▸ **Directions**: Output the line that contains "The Rock Star - Custom Photo T-shirt" together with each line after it, through the final line of the listing below, word for word; omit pictures.

▸ **Supplied material**:

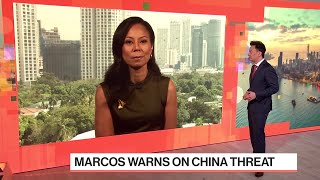 Philippines Not 'Poking The Bear' in South China Sea, Says Marcos Jr.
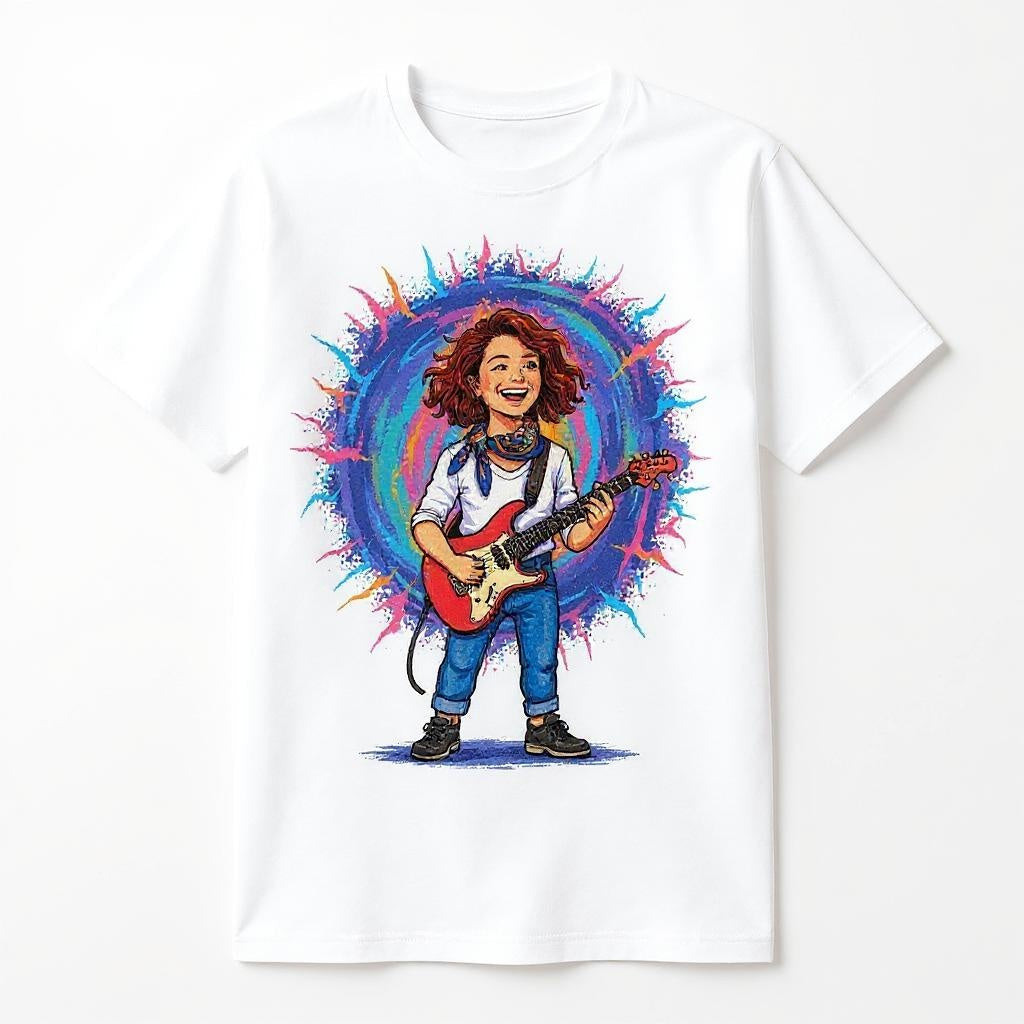 The Rock Star - Custom Photo T-shirt
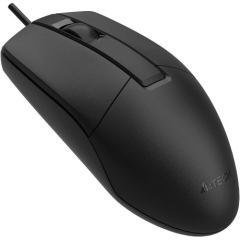 A4 TECH OP330S OPTIK MOUSE USB SİYAH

▸ **Solution**:
 The Rock Star - Custom Photo T-shirt
 A4 TECH OP330S OPTIK MOUSE USB SİYAH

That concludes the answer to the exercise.